ASCO 2016 | Higher Rate of ORR Achieved with Mogamulizumab vs Investigator’s Choice for Treatment of R/R ATL

This ASCO 2016 oral abstract presentation took place on Sunday June 5, 9:45am–12:45pm, during the ‘Hematologic Malignancies-Lymphoma and Chronic Lymphocytic Leukemia’ session. This session was chaired by Pr Gilles Salles, Head of the Hematology Department in South Lyon hospitals, Lyon, France.

This abstract (#7501) was presented by Adrienne Alise Phillips, Assistant Professor of Clinical Medicine, New York-Presbyterian/Columbia University Medical Center in New York.

Adult T-cell Leukemia-Lymphoma (ATL) is a malignancy which arises from HTLV-1 infected T-cells. It carries a poor prognosis is poor and subtype related. Currently, there is no agreement on standard treatment for R/R patients with aggressive disease; whose median OS is less than 3 months.

Mogamulizumab (moga) is an anti-CCR4 monoclonal antibody; CCR4 is expressed in nearly all (>90%) of ATL cases. Moga holds Japanese approval for the treatment of CCR4+ ATL, PTCL, and CTCL.

The efficacy of moga was assessed outside of Japan in a multicenter, open-label, randomized study (NCT01626664), which enrolled patients with aggressive R/R ATL (acute, lymphomatous, and chronic subtypes) from sites in the USA, EU, and Latin America. ATL treatment with moga was compared to treatment with Investigator’s Choice (IC) treatment.

Beginning in June 2012, the primary outcome of this study was ORR, supplemented by secondary outcome measures such as PFS, OS, and QoL. Inclusion criteria included, but was not limited to, ≥18 years of age, confirmed ATL diagnosis (excluding smoldering type), and ECOG performance score of  ≤2.

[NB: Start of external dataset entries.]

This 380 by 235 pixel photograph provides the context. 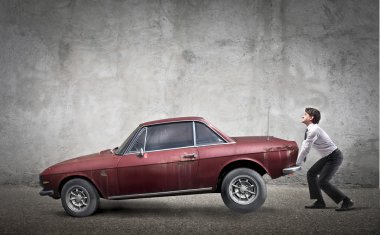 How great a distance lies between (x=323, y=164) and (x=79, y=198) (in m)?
Result: 3.97

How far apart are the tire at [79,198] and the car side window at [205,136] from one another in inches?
72.4

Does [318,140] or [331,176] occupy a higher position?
[318,140]

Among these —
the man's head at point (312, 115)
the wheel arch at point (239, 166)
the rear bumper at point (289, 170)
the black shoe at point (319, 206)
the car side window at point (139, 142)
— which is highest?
the man's head at point (312, 115)

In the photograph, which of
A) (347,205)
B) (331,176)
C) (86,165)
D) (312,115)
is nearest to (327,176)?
(331,176)

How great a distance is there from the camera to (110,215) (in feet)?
24.8

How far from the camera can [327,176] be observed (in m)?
7.55

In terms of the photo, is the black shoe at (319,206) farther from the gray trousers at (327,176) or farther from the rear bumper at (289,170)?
the rear bumper at (289,170)

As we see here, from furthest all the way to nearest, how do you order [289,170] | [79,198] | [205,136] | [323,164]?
[323,164], [79,198], [205,136], [289,170]

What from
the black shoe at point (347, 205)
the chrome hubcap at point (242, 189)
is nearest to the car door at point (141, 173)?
the chrome hubcap at point (242, 189)

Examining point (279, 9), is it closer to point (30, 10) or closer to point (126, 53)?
point (126, 53)

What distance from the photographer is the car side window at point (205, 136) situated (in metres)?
7.29

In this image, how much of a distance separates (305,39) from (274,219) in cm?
482

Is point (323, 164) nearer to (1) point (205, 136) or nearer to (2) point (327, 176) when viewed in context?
(2) point (327, 176)

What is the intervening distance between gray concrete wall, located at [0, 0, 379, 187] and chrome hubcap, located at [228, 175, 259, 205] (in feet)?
A: 11.2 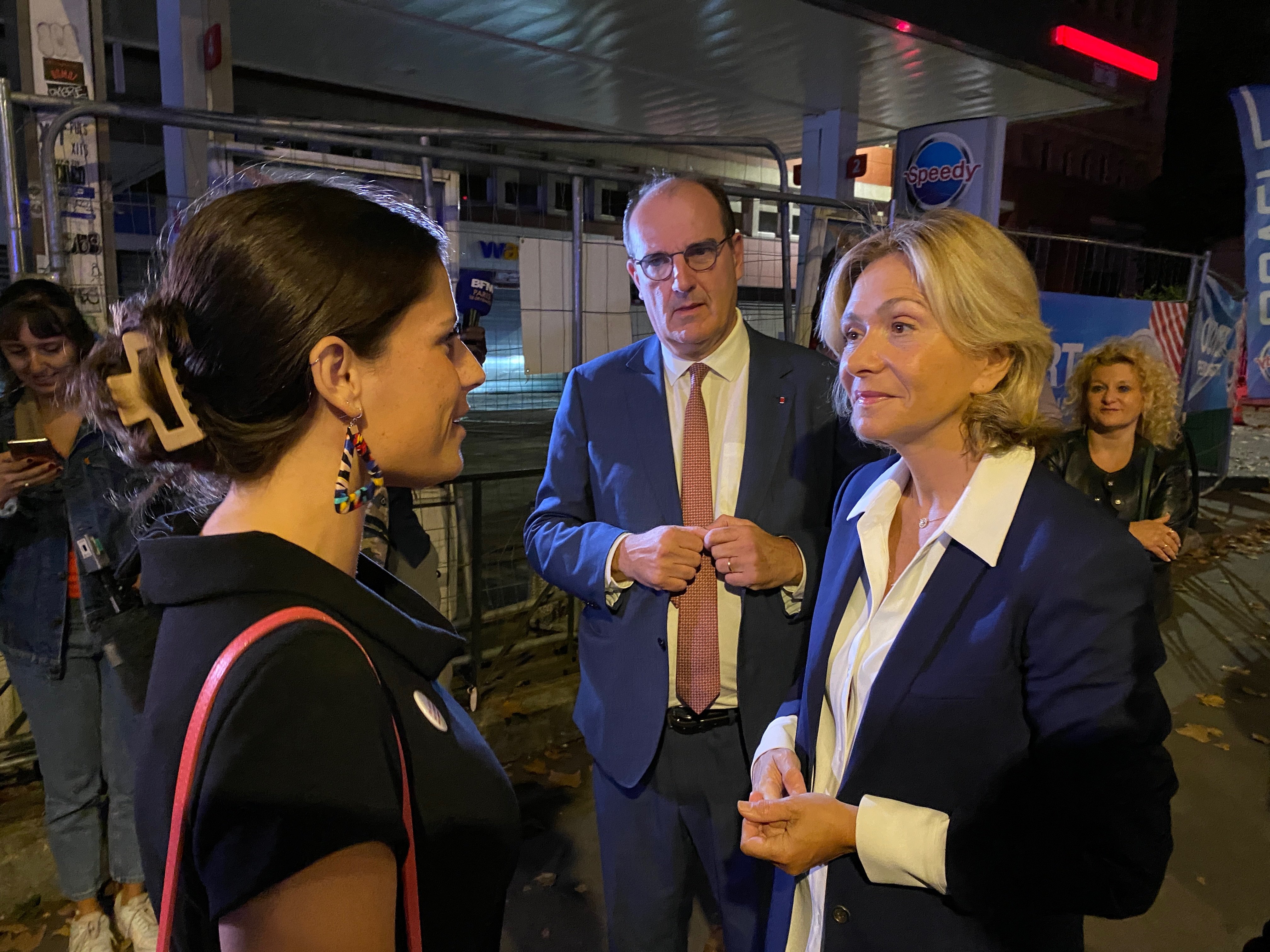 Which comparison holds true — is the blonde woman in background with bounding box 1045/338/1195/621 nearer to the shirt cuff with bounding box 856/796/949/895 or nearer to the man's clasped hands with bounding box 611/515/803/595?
the man's clasped hands with bounding box 611/515/803/595

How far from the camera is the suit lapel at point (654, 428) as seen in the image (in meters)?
2.24

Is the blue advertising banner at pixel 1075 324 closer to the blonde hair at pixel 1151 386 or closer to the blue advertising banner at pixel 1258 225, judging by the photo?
the blue advertising banner at pixel 1258 225

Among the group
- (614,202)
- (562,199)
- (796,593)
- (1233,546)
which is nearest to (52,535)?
(796,593)

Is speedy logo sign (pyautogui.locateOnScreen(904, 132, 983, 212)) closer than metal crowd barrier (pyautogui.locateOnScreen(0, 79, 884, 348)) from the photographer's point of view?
No

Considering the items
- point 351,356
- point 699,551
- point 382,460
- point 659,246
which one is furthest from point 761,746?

Overall, 71 patients were randomized 2:1 to receive either moga 1.0mg/kg given weekly for the first 4-week cycle and then biweekly (n=47), or to 1 of 3 IC regimens (Gem/Ox, DHAP, or pralatrexate; n=24). Due to ATL being so rare, and lack of effective therapy, no power calculation was performed. Patients receiving IC therapy arm could cross-over to moga if they experienced disease progression.

• With moga, ORR by Independent Review (IR) = 23.4% (11/47); ORR by Investigator (IA) = 34.0% (16/47)
• With IC, ORR by IR = 8.3% (2/24); ORR by IA = 0%
• With moga, confirmed ORR (maintained response after 1 month) by IR = 10.6%; by IA = 14.9% by IA
• No confirmed responses found for the IC group
• Of the 18 IC pts who crossed over to moga, 3 (17%) responded
• With moga, median DoR by IA = 5.5 months; by IR = 5.0 months (range, 3.8–9.6 months); 1 patient had CR lasting >9 months
• The most common treatment-emergent, drug-related AEs with moga were infusion reactions (46.8%), rash/drug eruption (25.5%), and infections (14.9%)

So far, this was the largest randomized clinical trial of R/R ATL. In patients with aggressive R/R ATL commonly used cytotoxic regimens resulted in little to no responses, whereas treatment with moga resulted in an ORR that supports its therapeutic potential in this setting.